Apple's App Tracking Transparency (ATT) framework, shipped in iOS 14.5 (April 2021), prompts every iOS user with 'Allow [App] to track your activity across other companies' apps and websites?' — and ~70-80% of users decline. That decline blocks deterministic click-attribution for ~30-50% of all DTC traffic. The platform's response was to fill the gap with modeled conversions: ML extrapolation from a small consenting cohort to the broader audience. It's controversial because it's unverifiable from the outside, and operators argue it systematically over-credits the platform vs. earned/organic. Admaxxer's first-party pixel sidesteps the third-party-cookie path entirely, click-ID persistence (GL#361, 90-day cookie/localStorage retention) preserves attribution even after the platform's third-party cookies expire, and Meta CAPI _fbc synthesis recovers most of the iOS 14.5 deterministic gap server-side. The Reconciliation Panel still shows you the platform-vs-pixel gap so you can audit transparently — we don't try to hide the loss, we just give you a deterministic floor.
How is Admaxxer's attribution transparent — can I verify the math myself?
Yes — transparency is the whole design. Every attribution model has a published formula (see the Models table above), so you can reproduce the credit split by hand on any single journey. Every API endpoint is curl-testable, so you can pull the same numbers the dashboard renders and diff them yourself. Every Reconciliation Panel row carries a pre-computed 'reasoning' string explaining the gap between sources in plain English, so you're never left guessing why two numbers disagree. And the data-driven models (Markov removal-effect, Shapley fair-share) use standard, documented algorithms rather than an opaque 'AI' black box. Nothing here asks you to take a number on faith: the formulas are public, the API is open to inspection, and every gap is explained per row.
Which attribution model should I pick?
Default to time decay (7-day half-life) for most DTC stores — it's the industry default and matches the typical 5-21 day consideration window. Switch to last-click if you optimize for bottom-funnel only, first-click if you're a top-of-funnel-heavy operator (podcast, influencer), last non-direct if 'Direct' is unrealistically your #1 channel, linear if your customers do 5+ touches over weeks, or position-based if you explicitly want to credit both discovery and closing. Once you have volume (about 1,000+ converting journeys in the range), reach for a data-driven model — Markov (credit by how much you'd lose without each channel) or Shapley (the fair team-up split) — when you want a credit split the data earned rather than one you chose. And if you'd rather have one number per channel than a spread to argue over, turn on the Reconciled · Total Impact lens (BETA), which blends multi-touch + marketing-mix modeling + incrementality + your post-purchase survey and reconciles the totals to your actual store revenue. There is no single 'true' model — pick the one that matches your funnel and the decision you're making.
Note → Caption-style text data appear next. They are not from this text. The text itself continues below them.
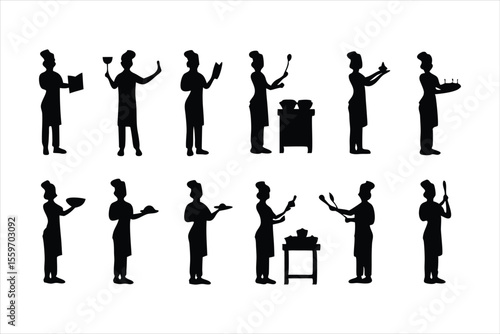 Diverse Chefs and Kitchen Staff Silhouettes - Food Preparation Vector Set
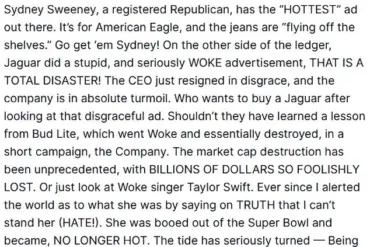 Trump Defends Sydney Sweeney Amid American Eagle Ad Controversy as Liberal Critics Weigh In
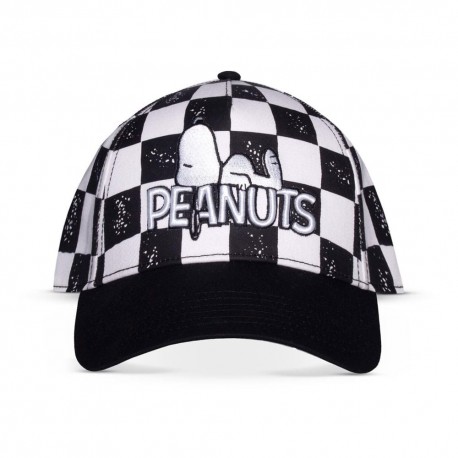 Gorra de béisbol Peanuts con diseño checkerboard y logo de Snoopy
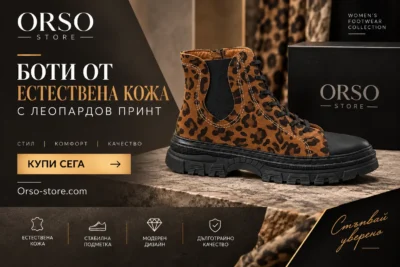 Дизайнерски дамски боти от естествена кожа с леопардов принт | orso-store.com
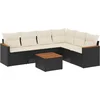 Image de vidaXL - 7-delige - Loungeset - met - kussens - poly - rattan - zwart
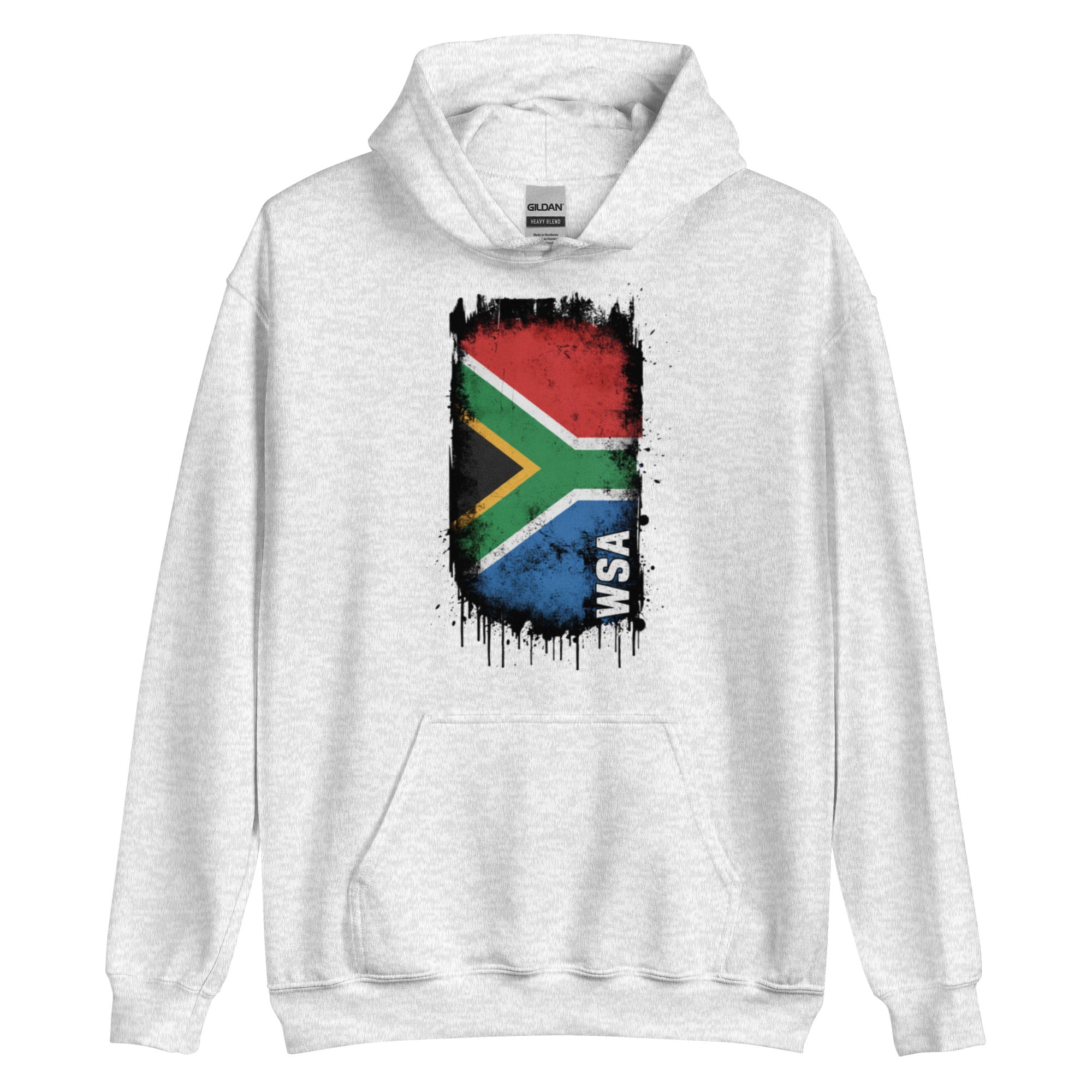 White hoodie with South African flag design on a white background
What's the difference between Markov and Shapley attribution?
Both are data-driven — they learn the credit split from your own conversion paths instead of using a fixed recipe, and both want roughly 1,000+ converting journeys to be stable. They differ in the question they ask. Markov asks 'how much would we lose if this channel disappeared?' — it builds a map of how buyers move between channels and credits each one by that removal effect, so it shines at valuing the assists in long, winding journeys. Shapley asks 'what's each channel's fair share of a team effort?' — borrowing the Nobel-winning Shapley value from game theory, it averages each channel's contribution across every order the channels could have combined in, so no channel is over- or under-rewarded just for happening to be first or last. Rule of thumb: choose Markov when you care most about the assist structure of long paths; choose Shapley when you want the fairest even-handed split across a manageable set of channels. Markov has its own deep-dive page at /documentation/markov-attribution.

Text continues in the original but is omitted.